#### Work to be completed
Everything in the records below from the line containing "Adesivo com recorte." through the line containing "Nissan primera door - door, glass" is to be reproduced exactly, those two lines included; no picture is to be copied.

#### Information provided
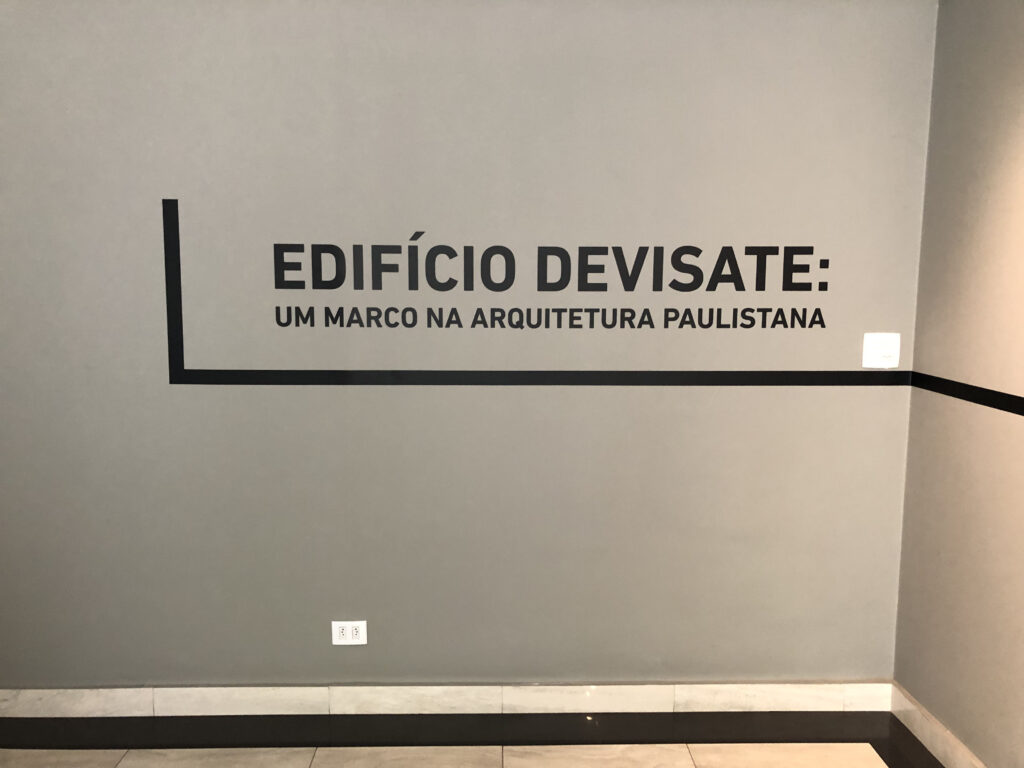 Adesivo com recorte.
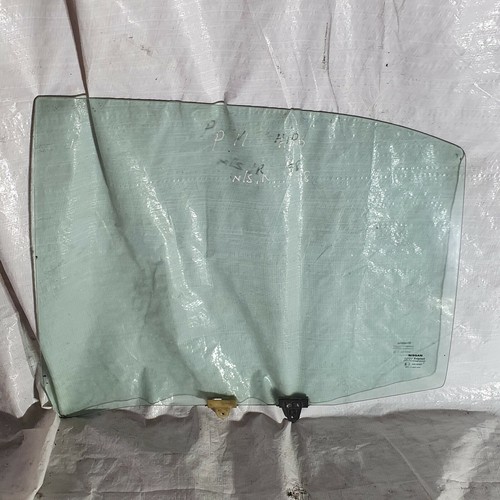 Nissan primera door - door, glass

---

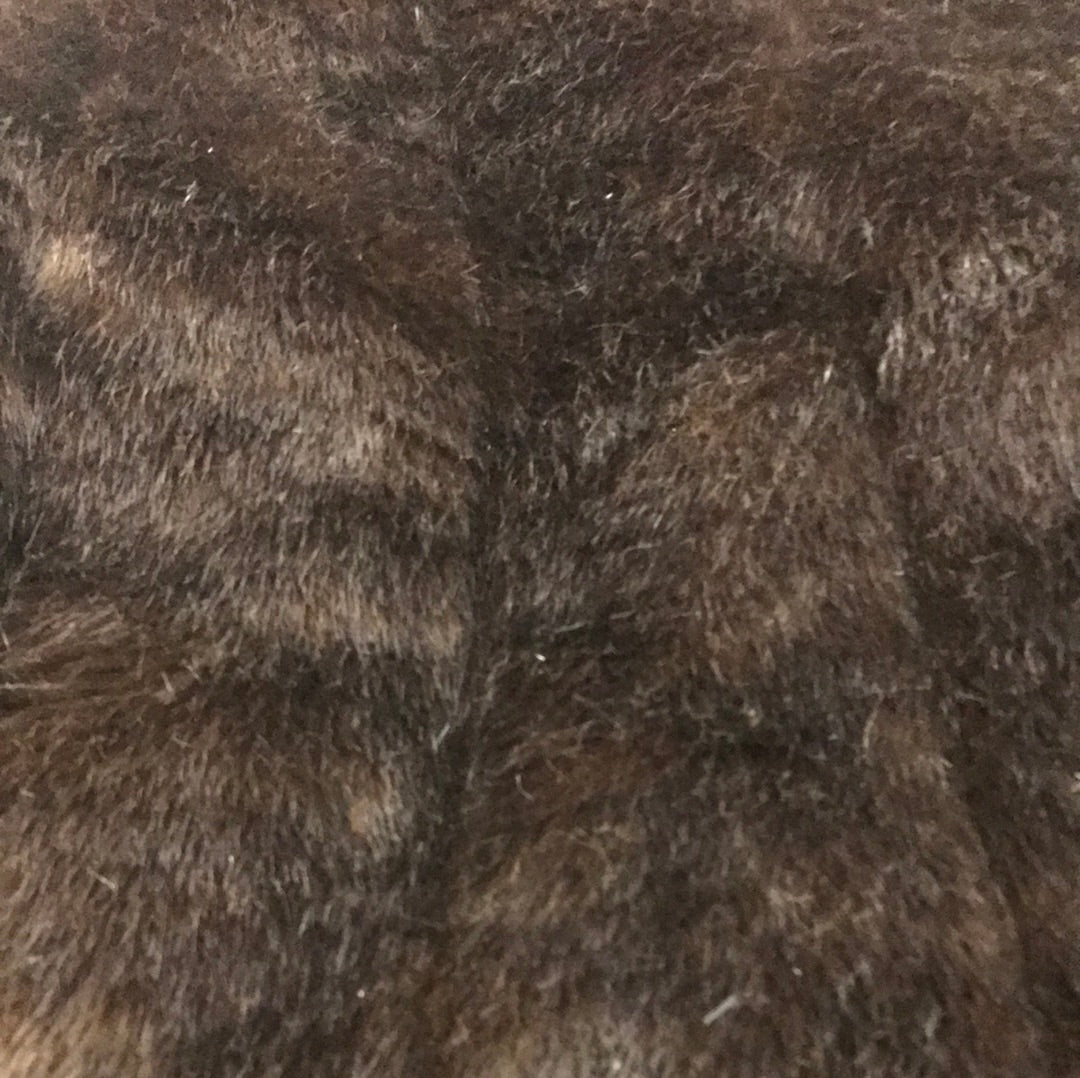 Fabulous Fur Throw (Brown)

#### Exercise result
 Adesivo com recorte.
 Nissan primera door - door, glass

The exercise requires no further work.